**** SUPPLIED DATA
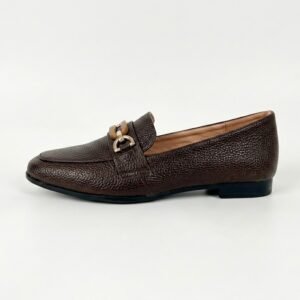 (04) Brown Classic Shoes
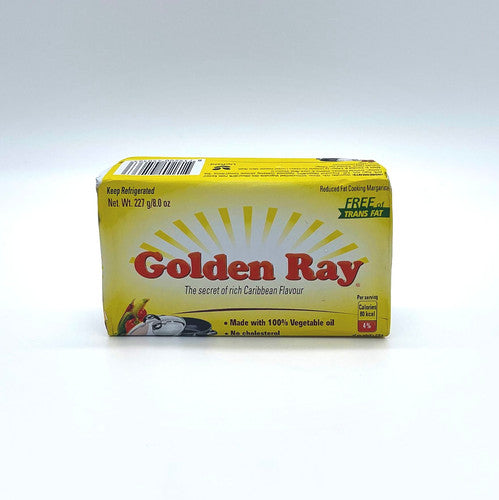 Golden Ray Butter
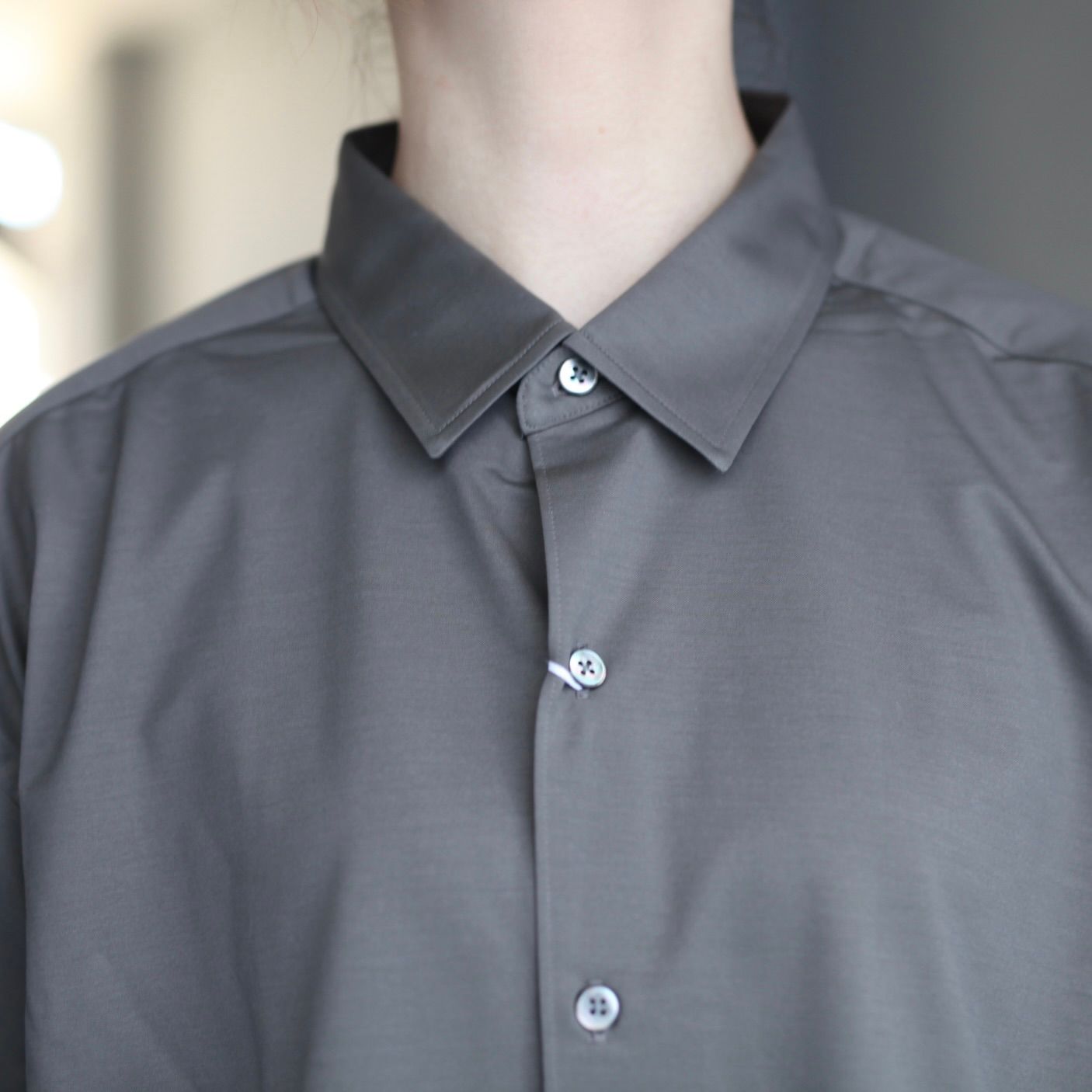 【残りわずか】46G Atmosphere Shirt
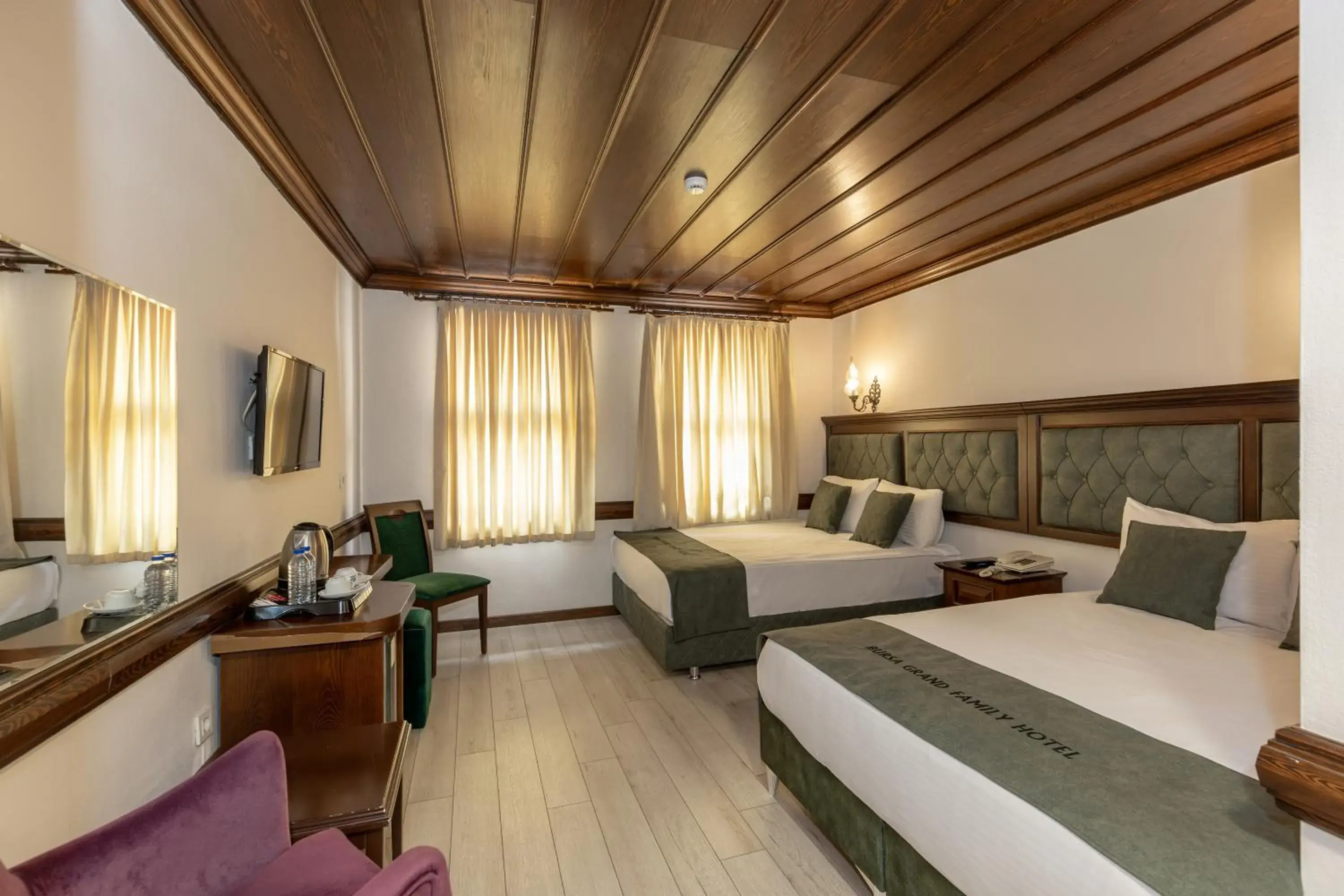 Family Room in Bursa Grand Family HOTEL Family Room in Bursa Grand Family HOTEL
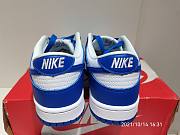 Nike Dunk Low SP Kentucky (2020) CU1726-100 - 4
********
**** SUPPLIED DATA
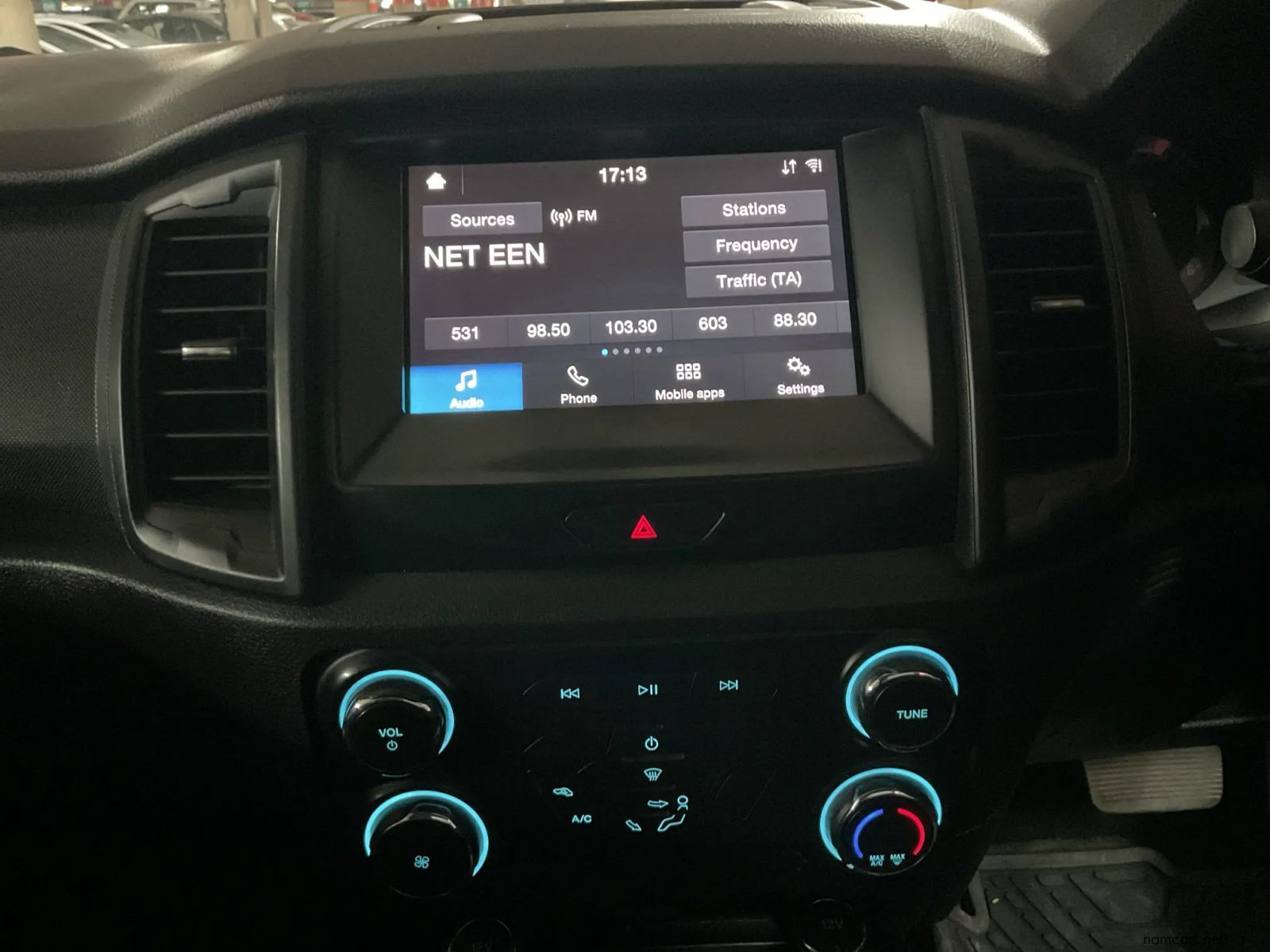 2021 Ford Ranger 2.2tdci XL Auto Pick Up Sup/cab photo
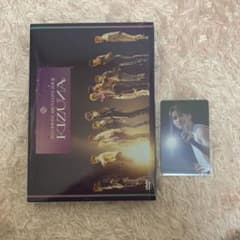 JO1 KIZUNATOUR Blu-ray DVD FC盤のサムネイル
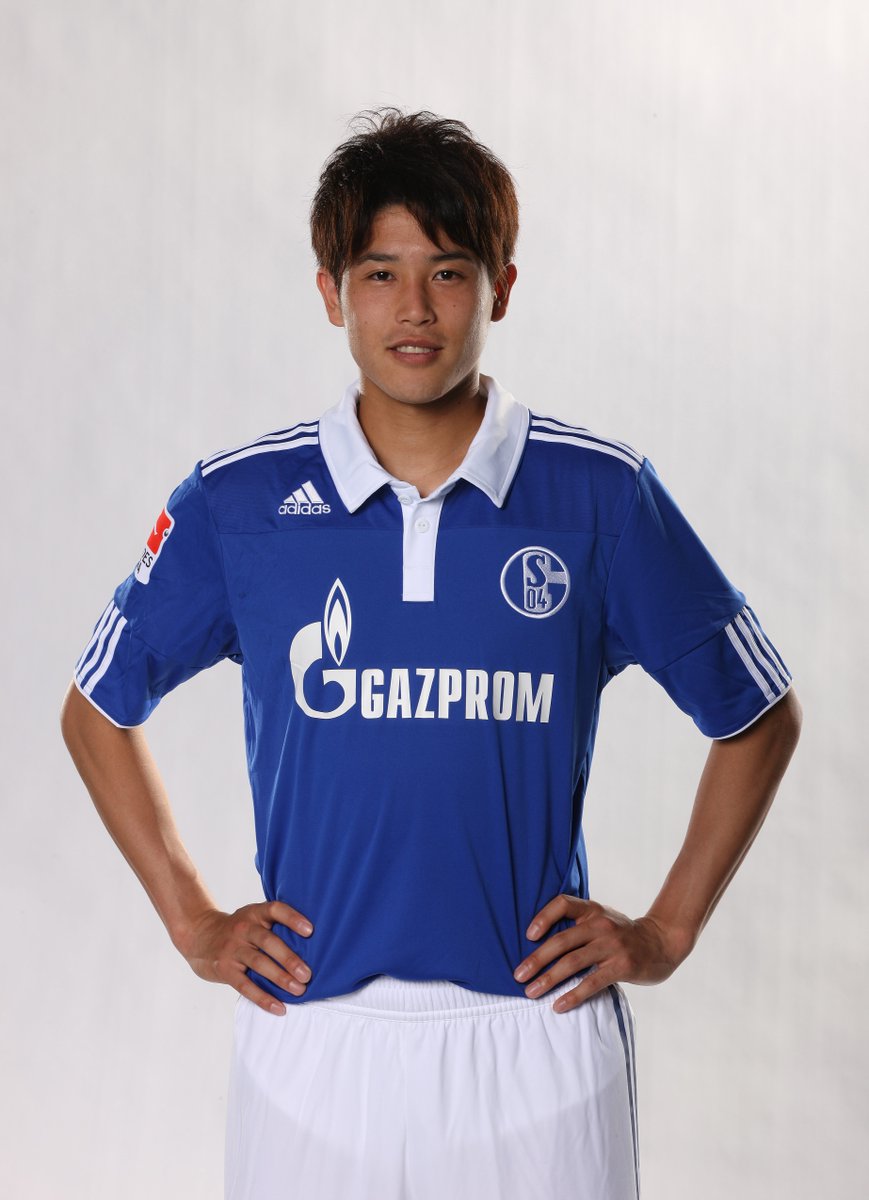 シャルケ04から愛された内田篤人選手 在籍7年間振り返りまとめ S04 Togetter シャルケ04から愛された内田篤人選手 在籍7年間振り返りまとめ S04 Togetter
********
◆ TASK DIRECTIONS
From the line containing "(04) Brown Classic Shoes" through the line containing "Nike Dunk Low", copy every line above exactly, without pictures.

◆ YOUR SOLUTION
 (04) Brown Classic Shoes
 Golden Ray Butter
 【残りわずか】46G Atmosphere Shirt
 Family Room in Bursa Grand Family HOTEL Family Room in Bursa Grand Family HOTEL
 Nike Dunk Low SP Kentucky (2020) CU1726-100 - 4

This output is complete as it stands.